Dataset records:
----------------

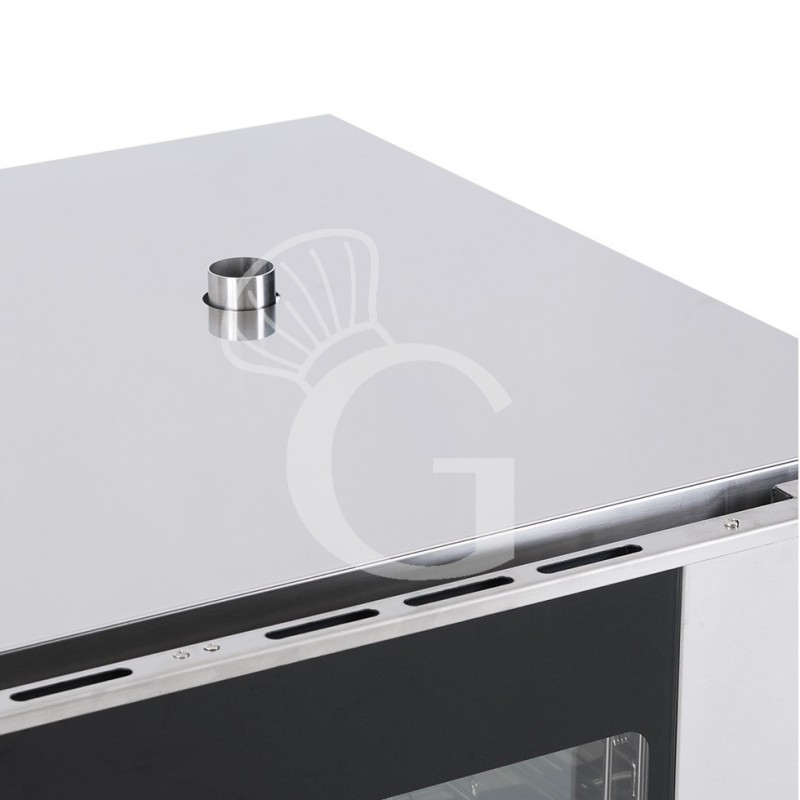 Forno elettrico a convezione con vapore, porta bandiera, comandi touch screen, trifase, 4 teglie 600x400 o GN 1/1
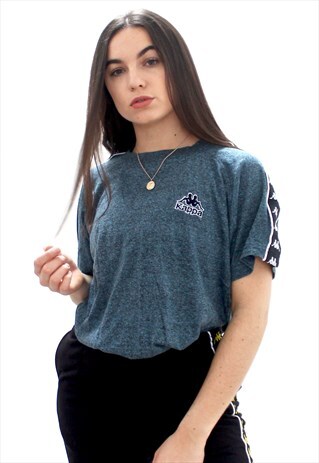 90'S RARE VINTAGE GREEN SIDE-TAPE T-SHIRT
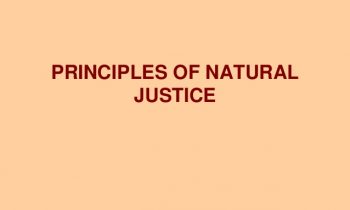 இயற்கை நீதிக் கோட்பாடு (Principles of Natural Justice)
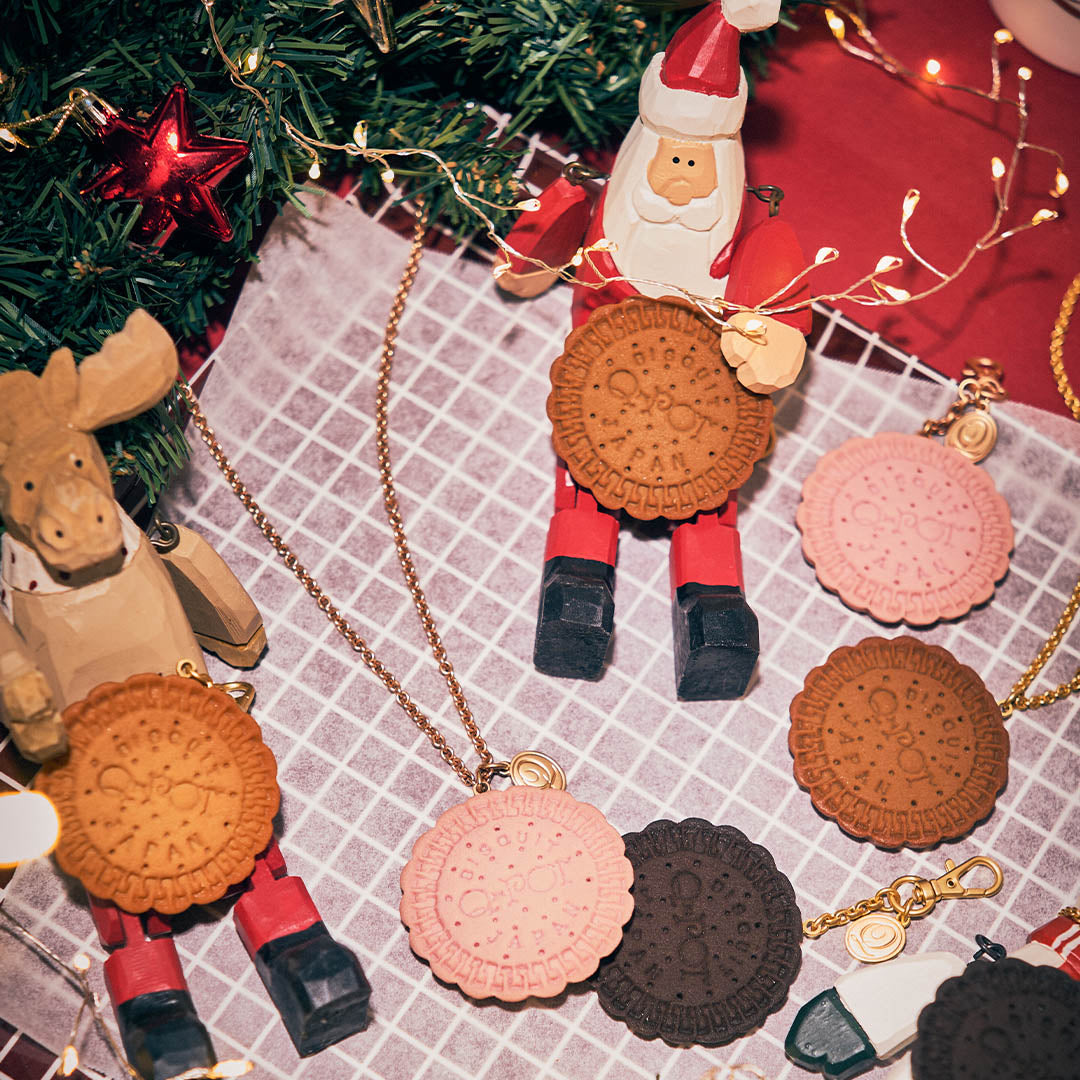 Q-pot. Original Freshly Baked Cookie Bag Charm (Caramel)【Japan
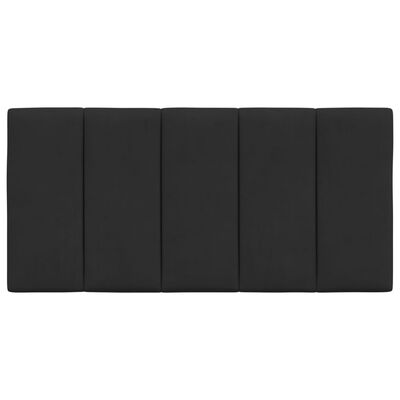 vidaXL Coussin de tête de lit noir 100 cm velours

----------------

§ **Problem requirements**:
Begin at the line containing "90'S RARE VINTAGE GREEN SIDE-TAPE T-SHIRT" and write out every line to the end of the data exactly. Skip the pictures.

§ **Output for this exercise**:
 90'S RARE VINTAGE GREEN SIDE-TAPE T-SHIRT
 இயற்கை நீதிக் கோட்பாடு (Principles of Natural Justice)
 Q-pot. Original Freshly Baked Cookie Bag Charm (Caramel)【Japan
 vidaXL Coussin de tête de lit noir 100 cm velours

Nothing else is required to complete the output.